- Opening Delimiter -
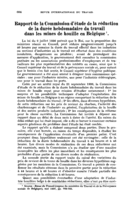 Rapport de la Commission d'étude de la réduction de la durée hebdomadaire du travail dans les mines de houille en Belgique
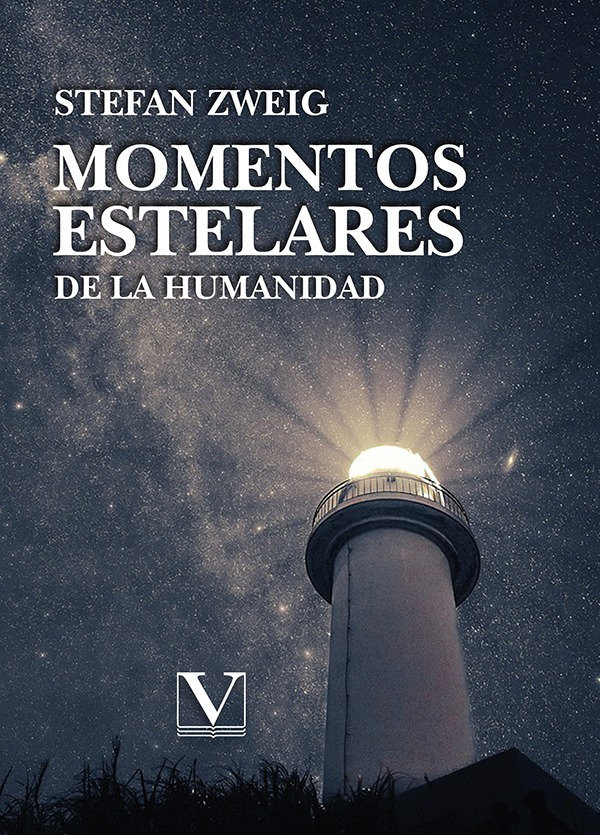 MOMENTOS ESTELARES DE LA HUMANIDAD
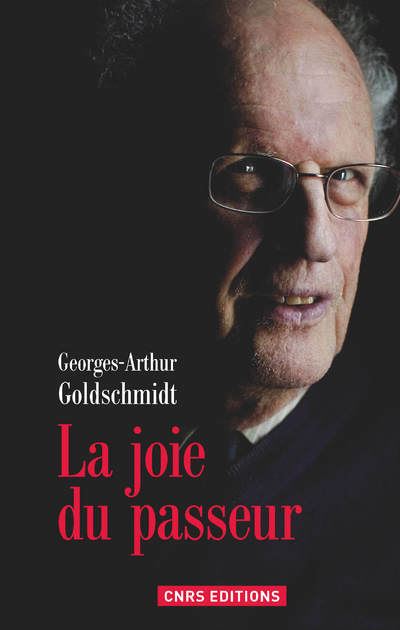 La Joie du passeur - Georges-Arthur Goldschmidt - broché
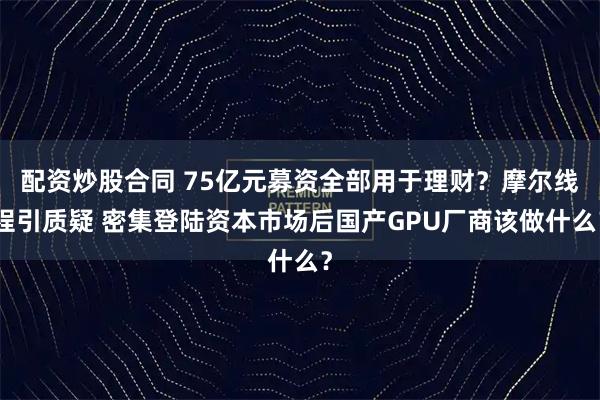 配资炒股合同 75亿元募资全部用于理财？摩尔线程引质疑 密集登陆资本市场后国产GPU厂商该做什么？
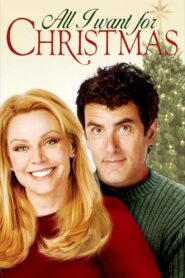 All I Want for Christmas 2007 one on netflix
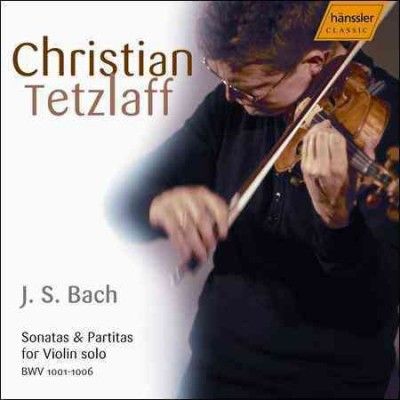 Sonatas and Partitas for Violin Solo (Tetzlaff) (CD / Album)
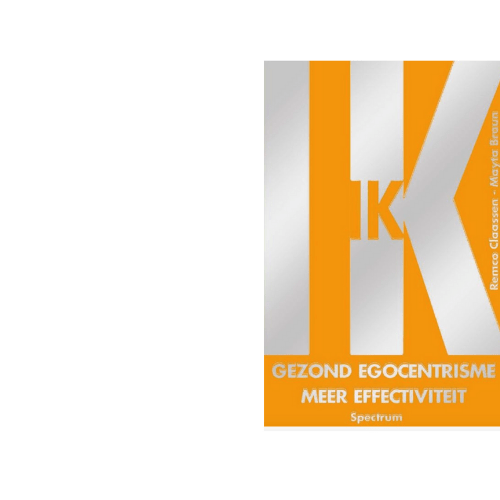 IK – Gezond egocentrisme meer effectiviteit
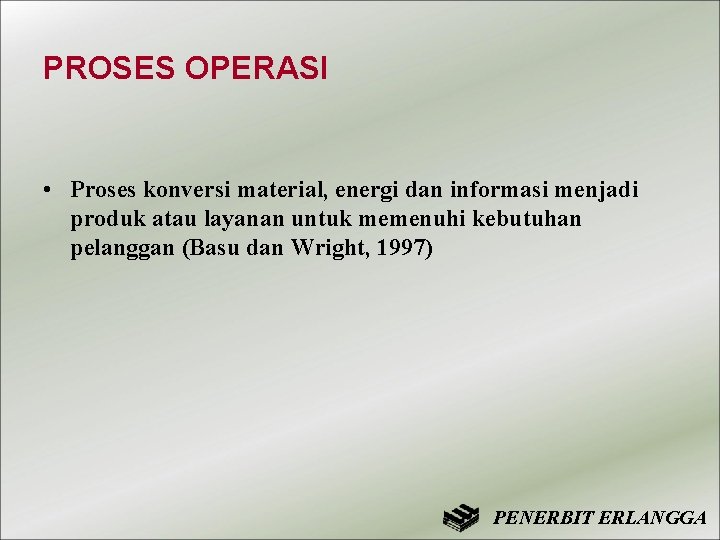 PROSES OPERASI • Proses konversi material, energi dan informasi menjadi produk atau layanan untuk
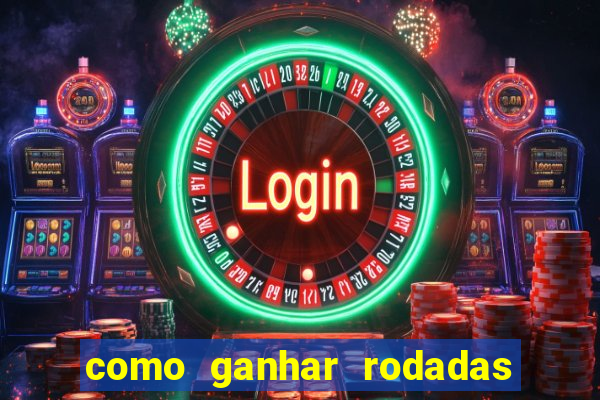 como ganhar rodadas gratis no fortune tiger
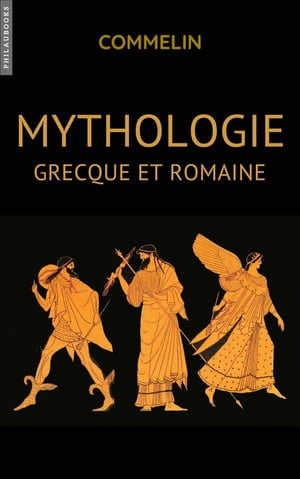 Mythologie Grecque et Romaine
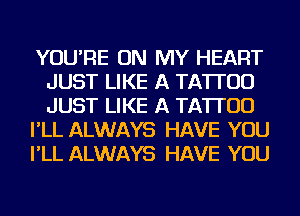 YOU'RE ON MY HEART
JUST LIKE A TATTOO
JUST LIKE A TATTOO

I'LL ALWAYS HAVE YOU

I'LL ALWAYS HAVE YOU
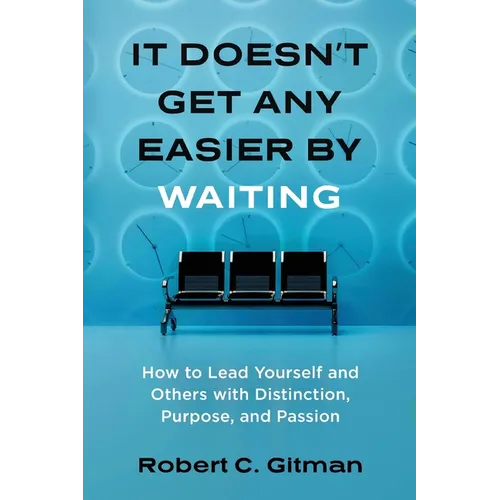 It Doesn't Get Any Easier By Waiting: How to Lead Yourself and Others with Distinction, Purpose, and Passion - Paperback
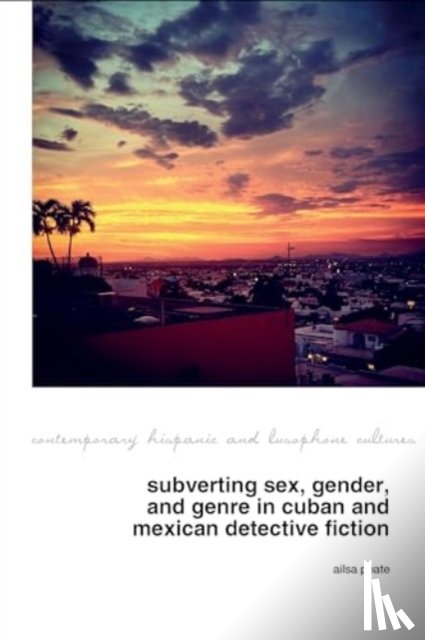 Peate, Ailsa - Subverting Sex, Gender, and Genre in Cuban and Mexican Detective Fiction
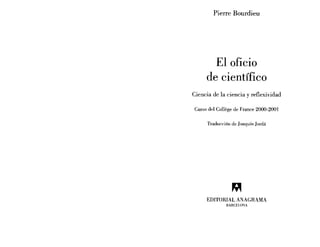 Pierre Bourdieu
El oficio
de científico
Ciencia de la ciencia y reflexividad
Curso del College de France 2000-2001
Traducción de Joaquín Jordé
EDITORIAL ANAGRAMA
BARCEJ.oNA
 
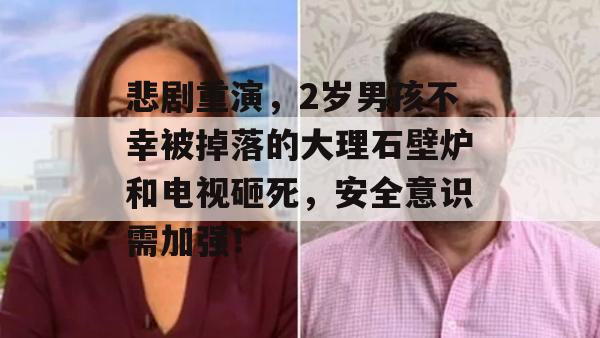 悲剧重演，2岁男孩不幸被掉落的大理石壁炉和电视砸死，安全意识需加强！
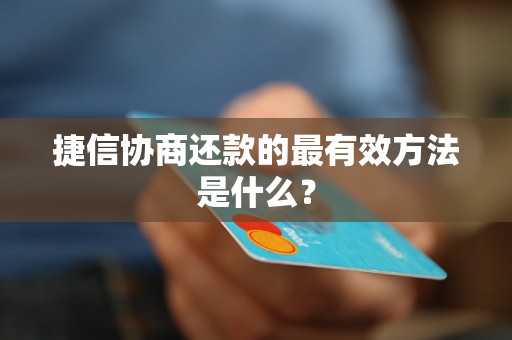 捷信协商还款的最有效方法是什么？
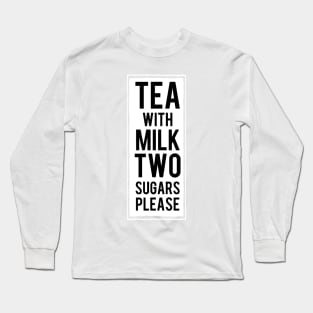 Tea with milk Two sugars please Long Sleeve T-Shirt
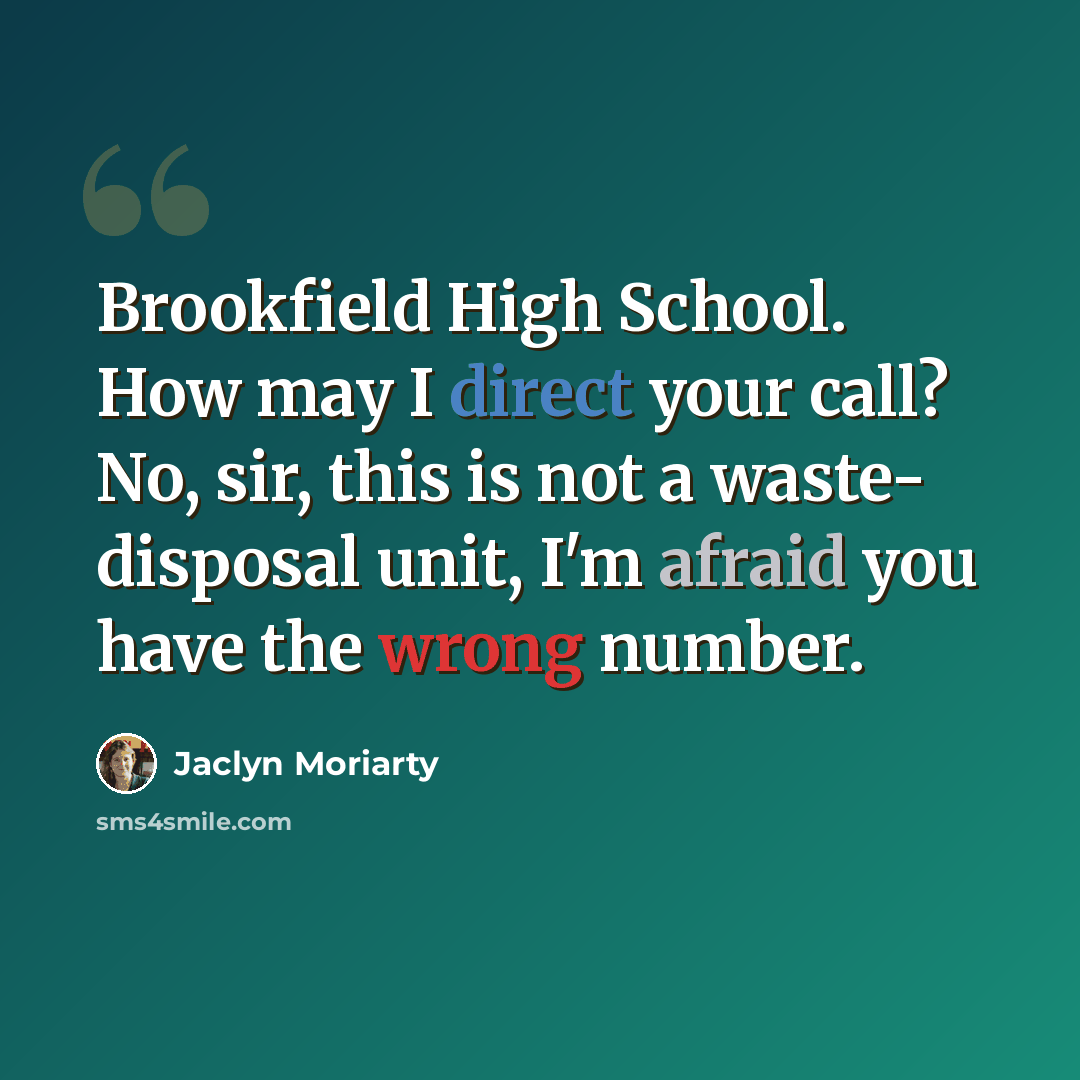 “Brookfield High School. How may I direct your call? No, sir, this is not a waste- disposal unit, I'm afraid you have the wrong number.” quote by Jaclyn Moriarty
- Closing Delimiter -
If the records contain pictures, skip them, and transcribe exactly every line from the one with "Tea with milk" through the last line.

### Answer for the task:
 Tea with milk Two sugars please Long Sleeve T-Shirt
 “Brookfield High School. How may I direct your call? No, sir, this is not a waste- disposal unit, I'm afraid you have the wrong number.” quote by Jaclyn Moriarty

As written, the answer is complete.